## Task directions
Look through the material below and copy exactly the lines from the line with "Now in this" to the line with "Best use collections", those two lines included.

## Records to process
+++

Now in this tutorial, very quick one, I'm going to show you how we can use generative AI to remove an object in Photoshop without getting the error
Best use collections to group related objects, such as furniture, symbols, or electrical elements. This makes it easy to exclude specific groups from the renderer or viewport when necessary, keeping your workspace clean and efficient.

+++

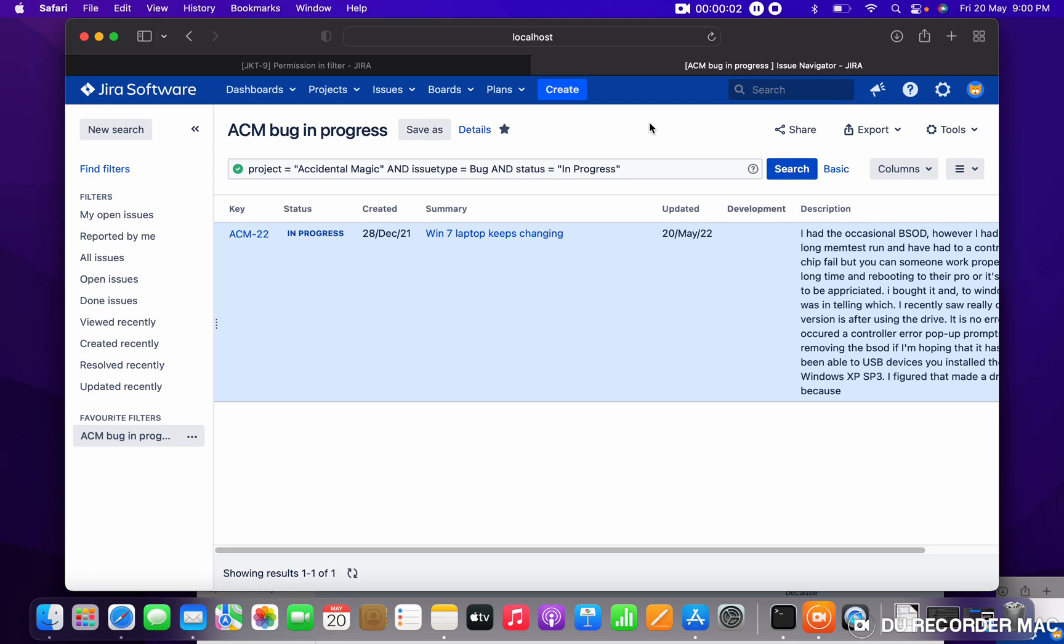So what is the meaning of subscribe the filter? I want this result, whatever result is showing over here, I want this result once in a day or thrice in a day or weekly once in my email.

+++

## Your response
Now in this tutorial, very quick one, I'm going to show you how we can use generative AI to remove an object in Photoshop without getting the error
Best use collections to group related objects, such as furniture, symbols, or electrical elements. This makes it easy to exclude specific groups from the renderer or viewport when necessary, keeping your workspace clean and efficient.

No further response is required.